February 1, 2010 By: Lark Ellen Gould Travel Agent


Temple stays allow travelers to experience for themselves the contemplative aspect of Korean culture and orthodox Buddhism


Two things should come to mind when talking travel to Korea: food and culture. Sure, there’s the Cold War spectacle of the DMZ, and the amazing shopping and wandering to be done amid modern Seoul’s canyons of towering steel and glass. But the true Korea is played out in the quiet of the country’s backwoods in centuries-old Buddhist temples where nature and cultural traditions rule.


Part of the scenic grounds at Bulguksa Temple, a UNESCO World Heritage site

Until recently, as with many of Korea’s charms, the contemplative nature of this culture was something foreigners could only observe, not experience for themselves. Now they can immerse themselves in it with a new kind of travel mode just beginning to catch on: temple stays.

“Some people might say there isn’t much to see in Korea but I disagree,” says Korean Tourism Organization Director Charm Lee. “Visitors will find beautiful landscapes and historical relics in every corner of the country and can experience local customs and mouth-watering delicacies [that are] part of our treasured heritage. Korea is a special culture and most people do not have a sense of what this is.”

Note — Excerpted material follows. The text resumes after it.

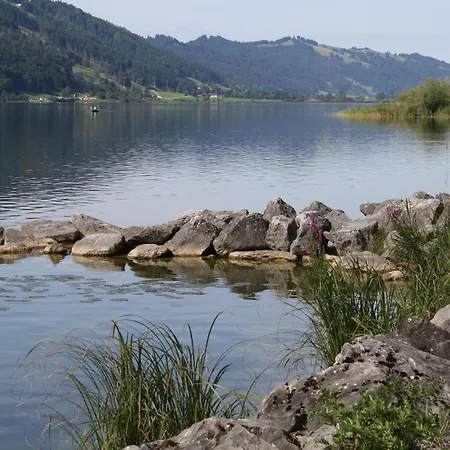 Alpino Geraeumige Am Alpsee Mit Garten Immenstadt im Allgaeu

The concept of offering temple stays to foreigners was launched during the 2002 FIFA World Cup in Korea and managed to stick, gaining more and more popularity with Westerners eager to steep themselves in Korea’s spiritual traditions as well as gain a solid experience of orthodox Buddhism. For adventurous travelers, many of these temples provide modest accommodations plus all meals for less than $100 a day. Travel companies such as Goway and Tour East Holidays offer temple stays as an adjunct product or as part of a general tour package to Korea to individuals, couples and small groups.

During an average stay, guests might sleep in a room with one, two or even three others (with separate rooms for men and women). It’s lights out at 9:30 p.m. and a bell rings for pre-dawn chanting at 3:45 a.m. On arrival, each guest is given a schedule, and a loose and comfortable uniform. They can drink tea at any time and are usually given free time to settle down and tour the grounds. There is usually an evening chant, dinner and a meditation session with a monk. On day two, following pre-dawn chants and often the ritual of 108 bows (believed to relieve troubling thoughts and worldly desires), guests go for breakfast and tea. There will be another meditation session, a walk to a local shrine and a tea ceremony with a monk, which is the best time to ask questions. Some temples hold classes in calligraphy or the making of lotus lanterns. Guests often help out with cleaning and chores between meals and meditations, but there is plenty of free time to walk or hike, sit by a pond or rest. All three meals are vegetarian. Usually, there are three chanting sessions each day.


Between meditation and chores during temple stays, there is plenty of time to go on a stroll or sit and relax


Guests are free to take pictures around the temple grounds, but not inside the main Buddha Hall. All meals are eaten in silence and no food should be wasted. Guests clean their own utensils and their quarters when they are done.

The temples offer a variety of practicing methods, including Yebul (ceremonial service involving chanting); Chamseon (Zen meditation); Dahdoh (tea ceremony); and Balwoo Gongyang (communal Buddhist meal service). The monks believe each participant can find his or her “true self” within the harmony of nature and the temple lifestyle.

Temple stays are available in just over 40 temples throughout Korea. Yongmunsa Temple, for instance, known for its 1,100-year-old gingko tree, is a two-hour drive from Seoul and conveniently accessed by public transportation. Many temples take groups and provide private quarters with bathrooms.

For visitors without a night to spare but a desire to engage in a temple experience, the Temple Life Program at Bongeun Temple (011-822-3218-4827) in the Samseong-dong district of southern Seoul may be just the ticket. The temple, across from the InterContinental Coex Hotel (011-802-3452-2500), was built by a Buddhist master in the year 794 during the Silla dynasty’s reign and is one of the hot attractions for visitors to Seoul.

The Temple Life program includes a tour around the grounds in English, plus basic lessons in Buddhist culture and traditions such as lotus lantern making and the venerable tea ceremony, as well as sessions in meditation and spiritual counseling. The program takes place every Thursday from 2-4 p.m. and costs a mere $8.79 (10,000 Won). A 24-hour temple stay is available once a month on the fourth Wednesday for about $44 (50,000 Won), inclusive of all activities and meals.

Only four temples in Korea easily accommodate single-person reservations. Those are Mihwangsa Temple (011-826-1533-3521) in the south of the country; Golgulsa Temple (, 011-825-4744-1689) near Kyong-Ju and accessed via Ulsan or Pohang airports, both about an hour’s flight from Seoul; Musangsa Temple (011-824-2841-6084) about an hour from downtown Seoul and easily accessed by train to Gye-Ryong Station; and Jakwangsa Temple (011-824-2822-9220) on the outskirts of Daejeon in the center of the country. A comprehensive list of temples plus contact information, locations and ways to book these stays can be found at Templestay in Korea.